▶ _DATA EXTRACTS_:
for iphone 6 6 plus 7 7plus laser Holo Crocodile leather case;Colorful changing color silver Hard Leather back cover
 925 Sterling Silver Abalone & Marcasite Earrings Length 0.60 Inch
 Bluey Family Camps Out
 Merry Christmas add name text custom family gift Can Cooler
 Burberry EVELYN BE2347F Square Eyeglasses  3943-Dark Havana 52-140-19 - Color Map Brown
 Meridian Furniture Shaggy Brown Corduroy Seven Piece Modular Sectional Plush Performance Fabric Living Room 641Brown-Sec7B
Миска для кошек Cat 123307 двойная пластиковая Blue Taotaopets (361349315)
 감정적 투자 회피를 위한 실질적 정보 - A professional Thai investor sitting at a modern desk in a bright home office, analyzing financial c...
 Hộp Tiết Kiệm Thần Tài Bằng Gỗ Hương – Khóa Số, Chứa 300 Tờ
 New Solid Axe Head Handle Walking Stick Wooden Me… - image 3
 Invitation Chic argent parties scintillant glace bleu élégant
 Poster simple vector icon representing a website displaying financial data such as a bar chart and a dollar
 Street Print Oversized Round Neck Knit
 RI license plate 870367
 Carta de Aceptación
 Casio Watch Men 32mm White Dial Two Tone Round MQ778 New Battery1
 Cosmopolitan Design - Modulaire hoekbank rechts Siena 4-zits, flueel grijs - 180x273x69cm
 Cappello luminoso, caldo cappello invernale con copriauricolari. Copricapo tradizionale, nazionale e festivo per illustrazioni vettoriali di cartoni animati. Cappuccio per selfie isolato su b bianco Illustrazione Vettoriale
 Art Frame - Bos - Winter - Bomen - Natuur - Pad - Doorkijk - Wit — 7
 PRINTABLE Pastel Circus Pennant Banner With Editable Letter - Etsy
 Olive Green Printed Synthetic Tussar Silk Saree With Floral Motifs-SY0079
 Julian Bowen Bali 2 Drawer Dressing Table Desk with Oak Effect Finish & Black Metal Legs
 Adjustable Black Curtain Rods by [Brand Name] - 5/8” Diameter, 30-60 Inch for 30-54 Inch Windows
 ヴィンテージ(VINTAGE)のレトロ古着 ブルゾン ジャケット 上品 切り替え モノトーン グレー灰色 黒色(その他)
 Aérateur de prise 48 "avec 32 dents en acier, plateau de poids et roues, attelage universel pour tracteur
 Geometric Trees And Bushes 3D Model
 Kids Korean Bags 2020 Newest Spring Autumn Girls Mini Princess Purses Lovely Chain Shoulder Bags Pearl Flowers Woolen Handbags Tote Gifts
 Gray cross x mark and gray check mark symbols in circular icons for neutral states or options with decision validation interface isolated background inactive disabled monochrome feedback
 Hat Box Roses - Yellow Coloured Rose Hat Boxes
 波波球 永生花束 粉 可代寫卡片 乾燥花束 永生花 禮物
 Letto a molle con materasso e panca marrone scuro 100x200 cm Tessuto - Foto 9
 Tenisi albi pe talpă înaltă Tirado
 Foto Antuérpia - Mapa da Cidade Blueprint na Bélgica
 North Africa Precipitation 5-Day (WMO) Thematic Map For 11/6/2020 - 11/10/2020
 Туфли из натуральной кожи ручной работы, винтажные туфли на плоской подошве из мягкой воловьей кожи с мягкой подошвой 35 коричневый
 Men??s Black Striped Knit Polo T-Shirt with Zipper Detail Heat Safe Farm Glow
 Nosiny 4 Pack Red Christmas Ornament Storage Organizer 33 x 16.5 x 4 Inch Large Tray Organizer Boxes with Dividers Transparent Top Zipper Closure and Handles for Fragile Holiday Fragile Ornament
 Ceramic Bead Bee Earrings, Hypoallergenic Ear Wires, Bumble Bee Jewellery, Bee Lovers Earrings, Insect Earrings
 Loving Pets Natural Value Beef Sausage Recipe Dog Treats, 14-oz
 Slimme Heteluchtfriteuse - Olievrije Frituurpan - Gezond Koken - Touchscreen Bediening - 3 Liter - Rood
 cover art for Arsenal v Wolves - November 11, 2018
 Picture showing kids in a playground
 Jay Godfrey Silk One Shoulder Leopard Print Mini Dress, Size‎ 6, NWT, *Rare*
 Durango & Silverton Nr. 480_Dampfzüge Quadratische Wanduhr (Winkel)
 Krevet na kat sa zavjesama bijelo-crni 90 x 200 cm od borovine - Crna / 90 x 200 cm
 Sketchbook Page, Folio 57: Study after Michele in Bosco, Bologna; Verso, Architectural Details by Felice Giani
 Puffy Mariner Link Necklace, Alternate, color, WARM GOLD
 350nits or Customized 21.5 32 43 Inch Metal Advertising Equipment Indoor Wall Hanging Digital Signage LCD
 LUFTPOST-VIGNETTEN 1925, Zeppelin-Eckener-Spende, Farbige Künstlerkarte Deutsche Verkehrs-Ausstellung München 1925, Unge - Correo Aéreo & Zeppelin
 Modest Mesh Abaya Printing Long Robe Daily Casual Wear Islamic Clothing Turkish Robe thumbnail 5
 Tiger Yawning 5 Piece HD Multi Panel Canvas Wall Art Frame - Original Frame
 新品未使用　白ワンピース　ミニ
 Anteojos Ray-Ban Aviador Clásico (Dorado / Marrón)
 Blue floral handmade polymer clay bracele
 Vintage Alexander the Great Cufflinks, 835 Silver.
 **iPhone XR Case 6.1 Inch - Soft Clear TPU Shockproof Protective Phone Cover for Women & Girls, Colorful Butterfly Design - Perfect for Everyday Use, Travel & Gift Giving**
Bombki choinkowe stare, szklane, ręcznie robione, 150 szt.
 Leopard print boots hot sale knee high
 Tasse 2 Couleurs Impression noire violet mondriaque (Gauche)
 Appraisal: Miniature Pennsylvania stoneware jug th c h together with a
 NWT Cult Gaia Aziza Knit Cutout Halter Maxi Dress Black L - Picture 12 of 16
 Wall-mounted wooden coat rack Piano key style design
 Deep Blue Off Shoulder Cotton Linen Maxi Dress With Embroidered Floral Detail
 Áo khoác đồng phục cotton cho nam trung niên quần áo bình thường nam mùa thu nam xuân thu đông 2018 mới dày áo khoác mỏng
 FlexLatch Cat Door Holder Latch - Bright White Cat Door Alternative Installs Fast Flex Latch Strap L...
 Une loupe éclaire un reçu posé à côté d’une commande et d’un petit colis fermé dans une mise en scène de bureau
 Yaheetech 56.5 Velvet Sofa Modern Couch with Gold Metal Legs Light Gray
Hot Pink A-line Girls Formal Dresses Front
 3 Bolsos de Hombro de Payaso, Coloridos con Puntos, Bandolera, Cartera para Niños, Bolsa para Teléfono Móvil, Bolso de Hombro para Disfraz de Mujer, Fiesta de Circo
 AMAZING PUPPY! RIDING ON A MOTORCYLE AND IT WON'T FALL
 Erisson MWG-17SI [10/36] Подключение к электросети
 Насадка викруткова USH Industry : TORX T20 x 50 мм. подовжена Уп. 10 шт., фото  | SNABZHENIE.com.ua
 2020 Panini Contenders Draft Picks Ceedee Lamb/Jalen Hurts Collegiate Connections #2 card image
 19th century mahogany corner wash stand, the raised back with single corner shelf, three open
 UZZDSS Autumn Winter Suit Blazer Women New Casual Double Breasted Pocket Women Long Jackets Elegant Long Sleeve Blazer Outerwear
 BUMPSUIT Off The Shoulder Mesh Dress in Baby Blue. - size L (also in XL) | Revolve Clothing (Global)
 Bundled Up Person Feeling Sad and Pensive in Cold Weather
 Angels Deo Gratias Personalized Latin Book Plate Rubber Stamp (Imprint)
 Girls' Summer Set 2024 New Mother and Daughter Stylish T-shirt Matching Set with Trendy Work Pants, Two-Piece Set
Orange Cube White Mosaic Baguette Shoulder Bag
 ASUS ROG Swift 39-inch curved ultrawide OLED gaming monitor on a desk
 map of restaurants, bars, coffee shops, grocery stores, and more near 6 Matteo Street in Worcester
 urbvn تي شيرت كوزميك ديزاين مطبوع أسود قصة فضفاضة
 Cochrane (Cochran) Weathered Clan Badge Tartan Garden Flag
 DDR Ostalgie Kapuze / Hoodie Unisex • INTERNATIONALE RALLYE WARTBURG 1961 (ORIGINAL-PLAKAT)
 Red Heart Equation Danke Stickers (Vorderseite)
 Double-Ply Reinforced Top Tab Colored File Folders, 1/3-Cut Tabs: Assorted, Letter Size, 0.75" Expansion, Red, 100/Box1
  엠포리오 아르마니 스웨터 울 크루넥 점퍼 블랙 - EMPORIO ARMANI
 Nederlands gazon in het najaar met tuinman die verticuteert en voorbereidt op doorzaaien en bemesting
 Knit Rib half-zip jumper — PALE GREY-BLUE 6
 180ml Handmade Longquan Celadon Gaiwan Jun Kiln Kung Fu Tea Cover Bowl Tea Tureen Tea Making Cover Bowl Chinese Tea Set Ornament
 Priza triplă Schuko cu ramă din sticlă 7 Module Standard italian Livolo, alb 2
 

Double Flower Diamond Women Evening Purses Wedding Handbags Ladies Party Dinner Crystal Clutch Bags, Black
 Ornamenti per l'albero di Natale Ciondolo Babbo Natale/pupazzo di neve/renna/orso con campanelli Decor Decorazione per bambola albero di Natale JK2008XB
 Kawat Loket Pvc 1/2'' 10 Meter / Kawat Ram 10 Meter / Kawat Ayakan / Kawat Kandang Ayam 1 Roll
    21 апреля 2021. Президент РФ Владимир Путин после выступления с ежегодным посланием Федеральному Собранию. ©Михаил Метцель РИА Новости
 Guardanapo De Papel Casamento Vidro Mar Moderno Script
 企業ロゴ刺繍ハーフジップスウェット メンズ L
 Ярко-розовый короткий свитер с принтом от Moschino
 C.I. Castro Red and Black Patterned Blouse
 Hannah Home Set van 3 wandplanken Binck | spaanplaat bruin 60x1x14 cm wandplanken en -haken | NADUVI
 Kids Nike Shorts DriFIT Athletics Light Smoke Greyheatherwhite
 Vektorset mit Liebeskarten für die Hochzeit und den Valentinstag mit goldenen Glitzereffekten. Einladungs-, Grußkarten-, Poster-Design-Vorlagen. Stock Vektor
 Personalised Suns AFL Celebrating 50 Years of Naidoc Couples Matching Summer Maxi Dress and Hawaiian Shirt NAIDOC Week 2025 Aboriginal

▶ _DESCRIPTION OF THE TASK_:
Pull every line containing the word "Black" out of the entries above.

▶ _COMPLETED TASK_:
 Julian Bowen Bali 2 Drawer Dressing Table Desk with Oak Effect Finish & Black Metal Legs
 Adjustable Black Curtain Rods by [Brand Name] - 5/8” Diameter, 30-60 Inch for 30-54 Inch Windows
 Men??s Black Striped Knit Polo T-Shirt with Zipper Detail Heat Safe Farm Glow
 NWT Cult Gaia Aziza Knit Cutout Halter Maxi Dress Black L - Picture 12 of 16
Double Flower Diamond Women Evening Purses Wedding Handbags Ladies Party Dinner Crystal Clutch Bags, Black
 C.I. Castro Red and Black Patterned Blouse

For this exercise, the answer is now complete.